So it is totally volume mix hit on the impact that has on variable margin as well as the impact it has on asset utilization. But as I said, it’s sort of a two-thirds, one-thirds story where we have improving spreads in some places and and compressing spreads in others netting out to flat. That’s not the margin story..
Next we will hear from James Sheehan with SunTrust..
Good morning. Thank you. So you just referenced in AFP about a third of the business was not performing the way you would have liked.
Could you also assess what proportion of the makeover business falls into that category as well?.
So the only part of to make that’s in the one third is formic acid. So when we bought Taminco we were very excited about the Alkylamines platform and the value of that integrated platform into a wide range of end markets.
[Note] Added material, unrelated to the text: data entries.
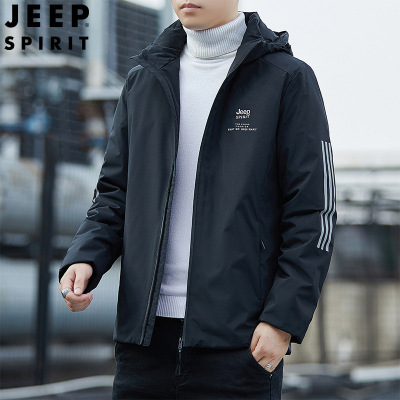 JEEP SPIRIT冬装羽绒服男吉普百搭羽绒衣服时尚连帽外套潮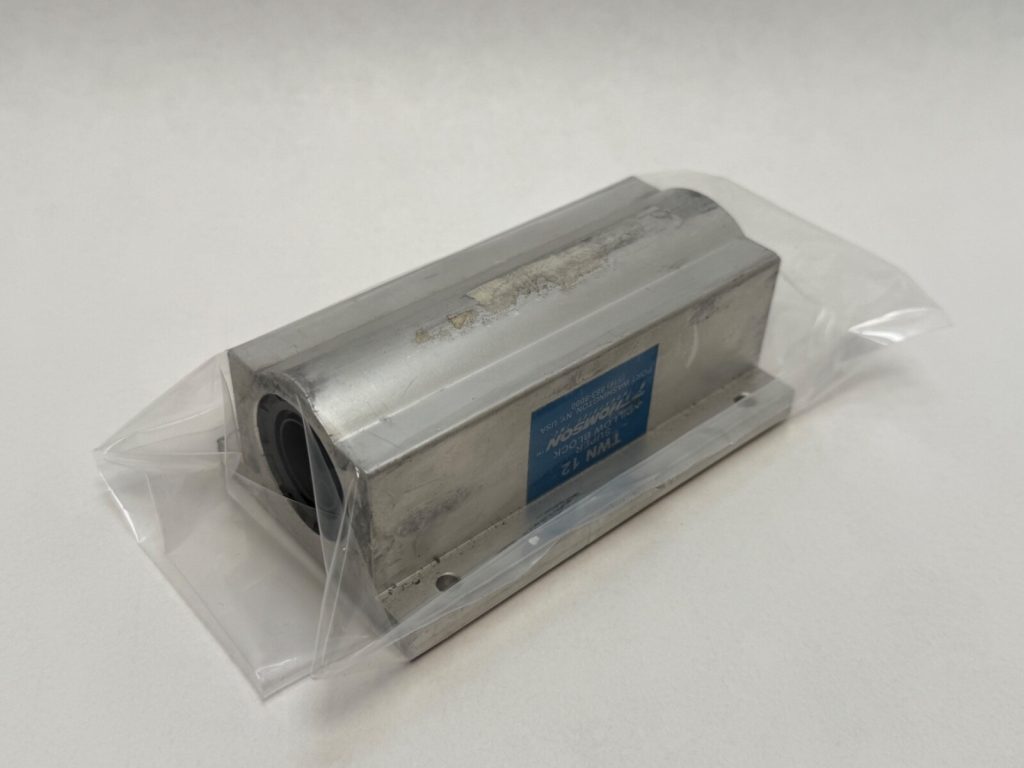 Thomson TWN12 Super Ball Bushing Pillow Block. For 3/4 in (0.750) shafting. Twin pillow block assembly. Self-aligning, lightweight aluminum housing.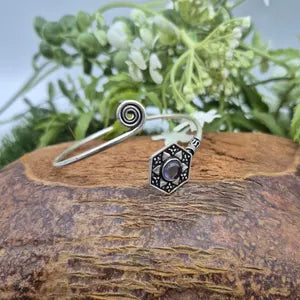 Amethyst Silver Plated Adjustable Bracelet for Women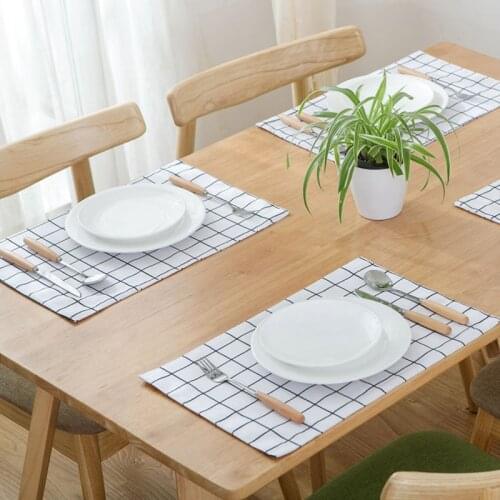 Simple Lattice Cotton And Linen Cloth Art Hotel Western Restaurant Placemats Insulation Cloth Mats Table Mats Kitchen Accessorie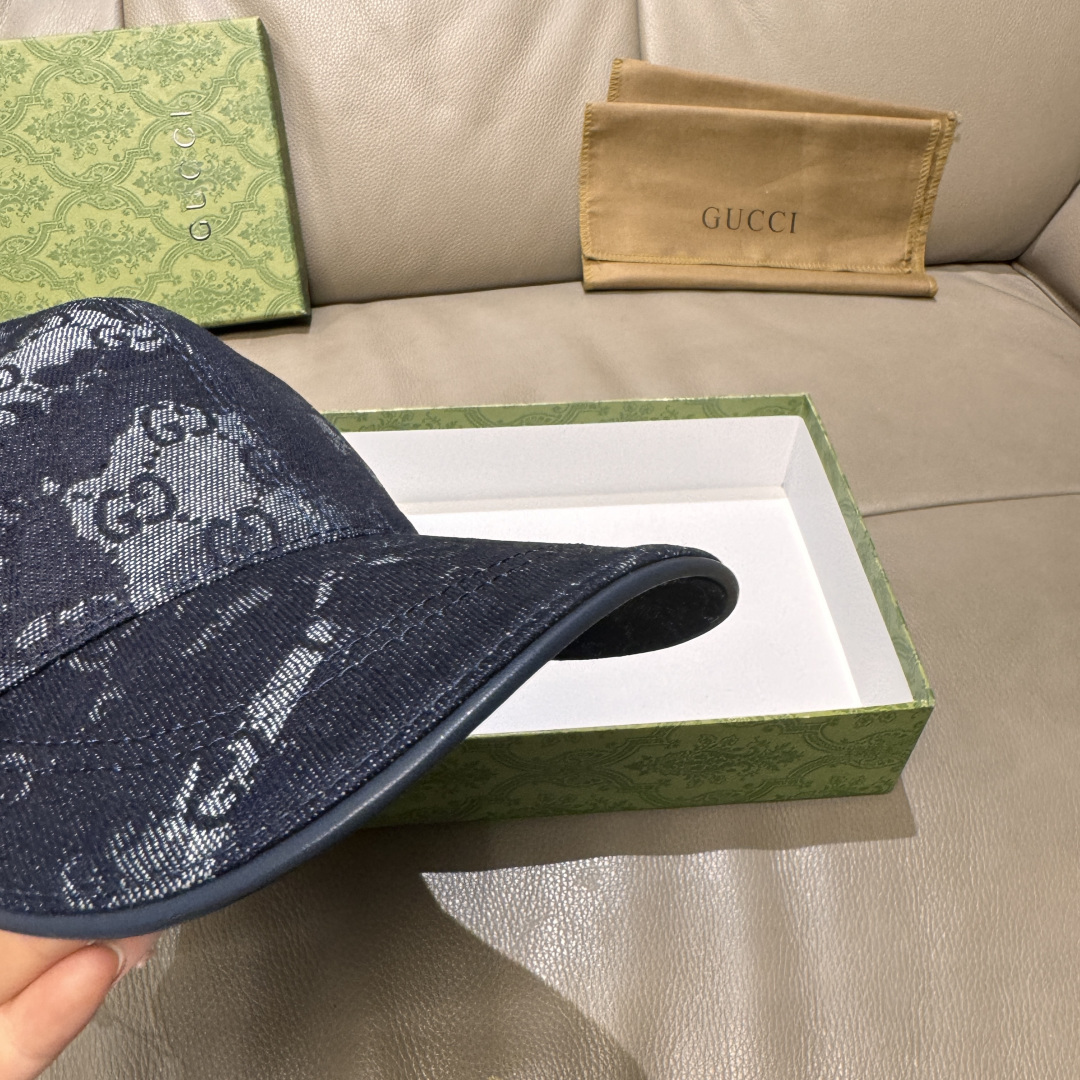 配包装布袋，Gucci(古奇)新款原单棒球帽， GG丹宁棒球帽，专柜最新款，1:1开模订制，正版开模五金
They had acquired a small business in formic acid about a year ahead of buying to Taminco for us.
That was a business we’d actually looked at and didn’t find very attractive, but which is part of the deal that we had to accept. So it’s a business that just has some competitive challenges, but it’s a very small part of income..
And if I could add some of the positives that Mark referenced in the two parts of two-thirds were also to meaningful Taminco acquisition..
Yes, we have tremendous growth in Care Chemicals and water treatment. And long-term, we’ve had great growth in the ag business as well over in the CI side from Taminco, it’s been a great acquisition..
And on the chemical recycling projects, you referenced several $100 million of revenue ultimately.
How quickly could you start to see commercial revenues from that? What segment would you report those results? And if you could just comment on long-term project returns, if we were to compare the expected returns of those recycling initiatives to other more traditional product innovations, is the ROI higher, lower or about the same?.
Sure. So we’re incredibly excited about what we can do on the circular economy. For those of you who’ve been paid attention to this industry, in the last 18 to 24 months, sustainability environmental sensitivity about the impact we are having in the environment, especially with plastics in the ocean and the issues with landfill etc.
is one of the biggest disruptive macro trends I’ve seen in a decade. And it’s either a great opportunity as its for Eastman or challenge as it might be for others who are heavily in single use plastics. Fortunately for us, we got PT in 2011. So we’re not doing circular economy to defend our existing business and single use plastics.
All of our investments are to improve our competitive offerings in more durable applications and more specialty applications by adding recycle content into it to deliver net growth.
And so we’ll be commercial as we said in the fourth quarter of this year with both technologies, the one we announced this week as well as the polyester one by the end of the year. And that will be incorporating products and driving revenue growth for us next year into the first quarter.
Customers are incredibly excited especially in the luxury world, so think cosmetic packaging high in ophthalmic sunglasses where our polymers go.
Our textile business even though bio content is highly valued by our customers, the women’s wear fashion industries are extremely focused on how to close the loop, a lot of textiles, a phenomenal amount of textiles end up in landfill especially with fast fashion.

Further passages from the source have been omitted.